▶ [Activity]: Word for word, set down the lines from the one that contains "Nitish Mittal, partner, Everest Group" through the final line of the data; no pictures belong in the copy.

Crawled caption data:
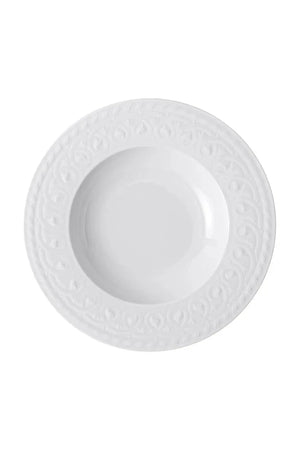 Villeroy & Boch porselen denge tabağı 24 cm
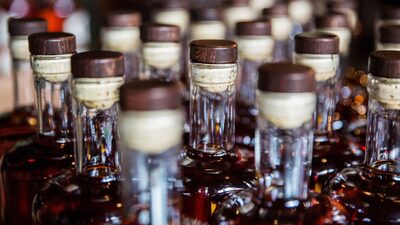 Ley seca en Bogotá y Colombia: a qué hora empieza y termina por elecciones 2023 Ley seca en Bogotá y Colombia: a qué hora empieza y termina por elecciones 2023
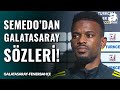 Nelson Semedo Dan Çarpıcı Galatasaray Sözleri Galatasaray Fenerbahçe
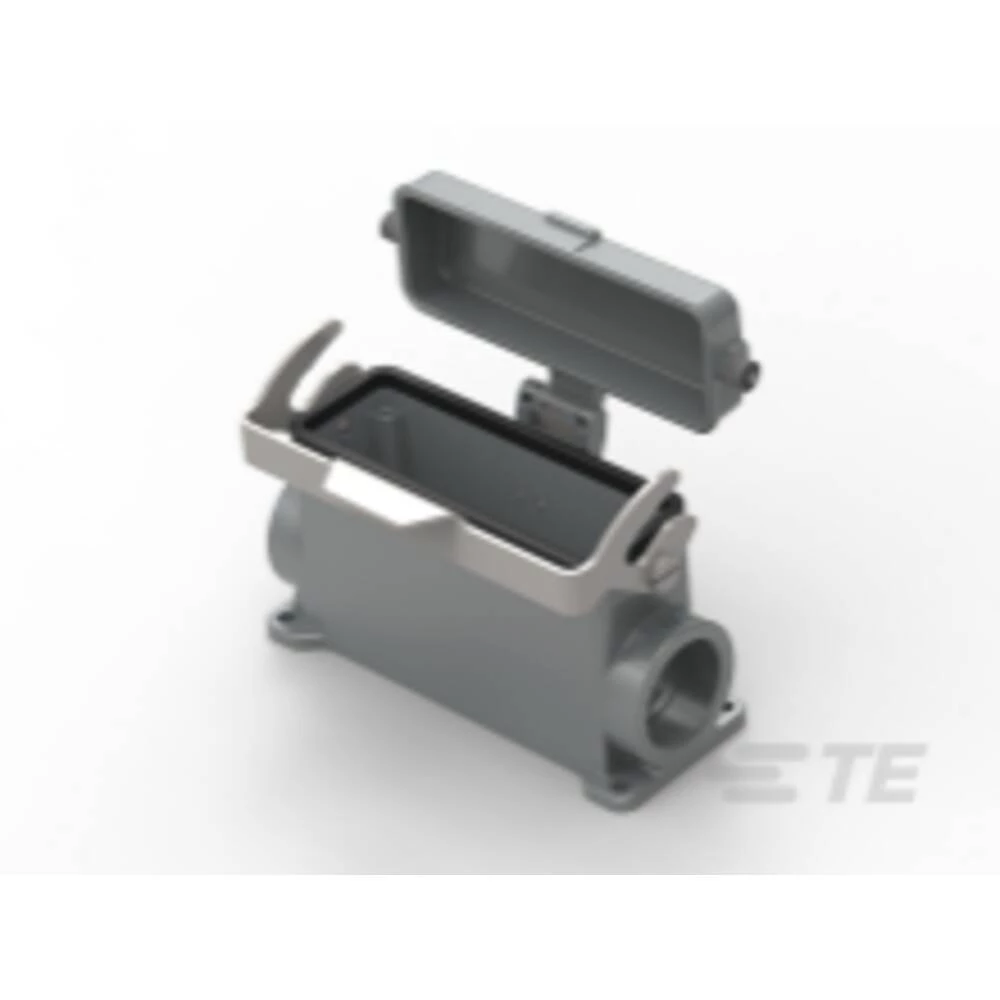 TE Connectivity HEAVY DUTY RECT SIBASHEAVY DUTY RECT SIBAS T1660243121-000 AMP slika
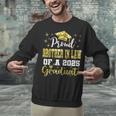 Super Proud Brother In Law Of 2025 Graduate Graduation Unisex Sweatshirt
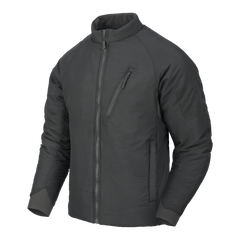 Jachetă Helikon-Tex cu izolație Climashield® Apex™ Shadow Grey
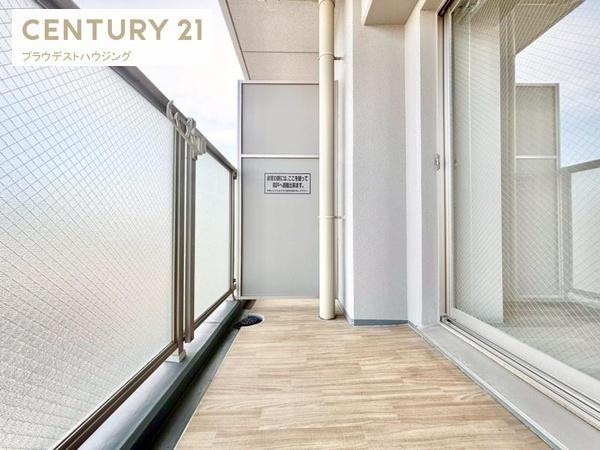 エスリードレジデンス大阪ウエストコート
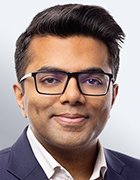 Nitish Mittal, partner, Everest Group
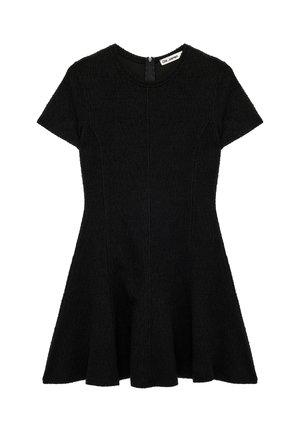 Koton, MINI - Day dress - black
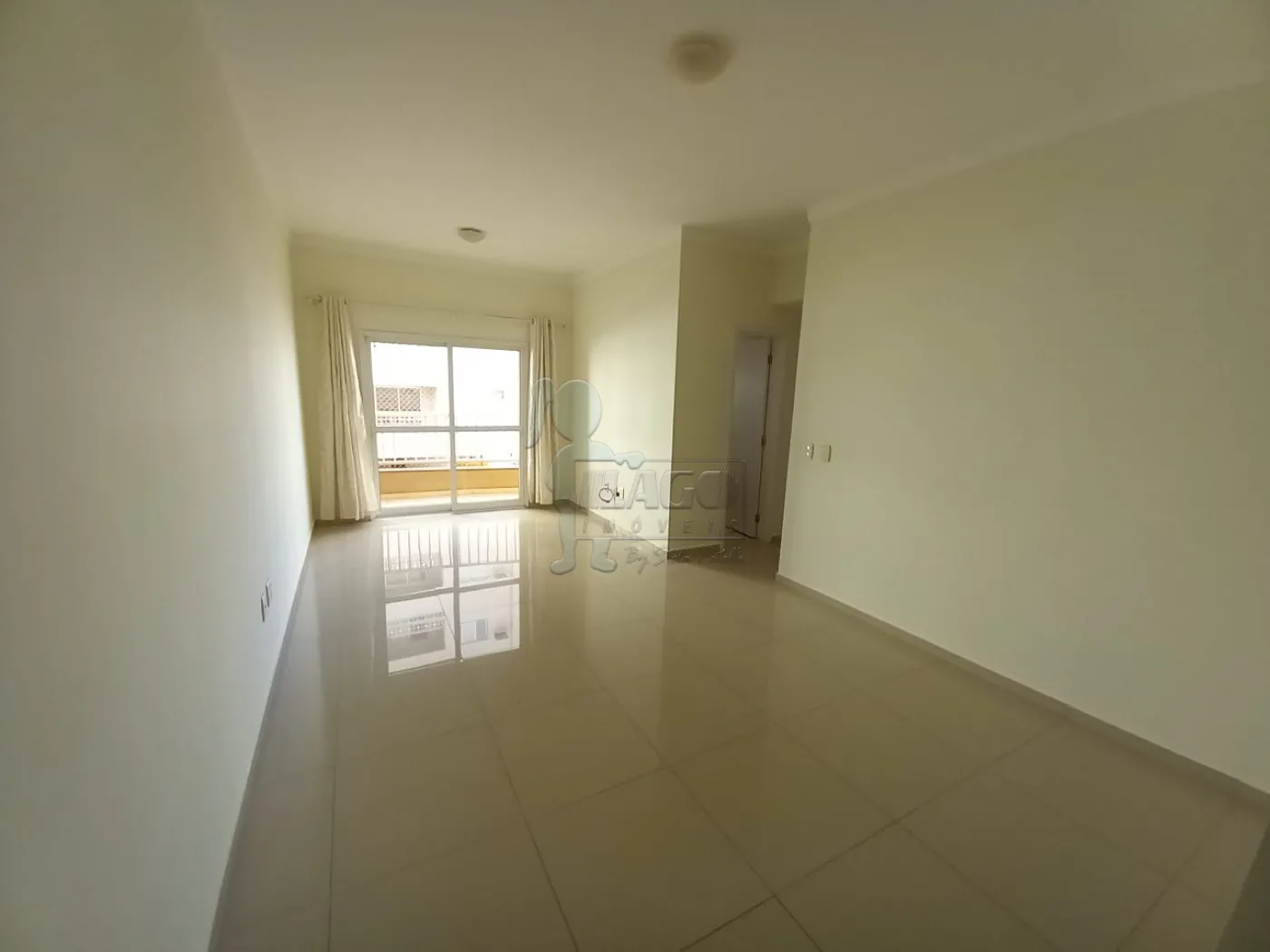 Alugar Apartamento / Padrão em Ribeirão Preto R$ 1.800,00 - Foto 1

▶ [Written solution]:
 Nitish Mittal, partner, Everest Group
 Koton, MINI - Day dress - black
 Alugar Apartamento / Padrão em Ribeirão Preto R$ 1.800,00 - Foto 1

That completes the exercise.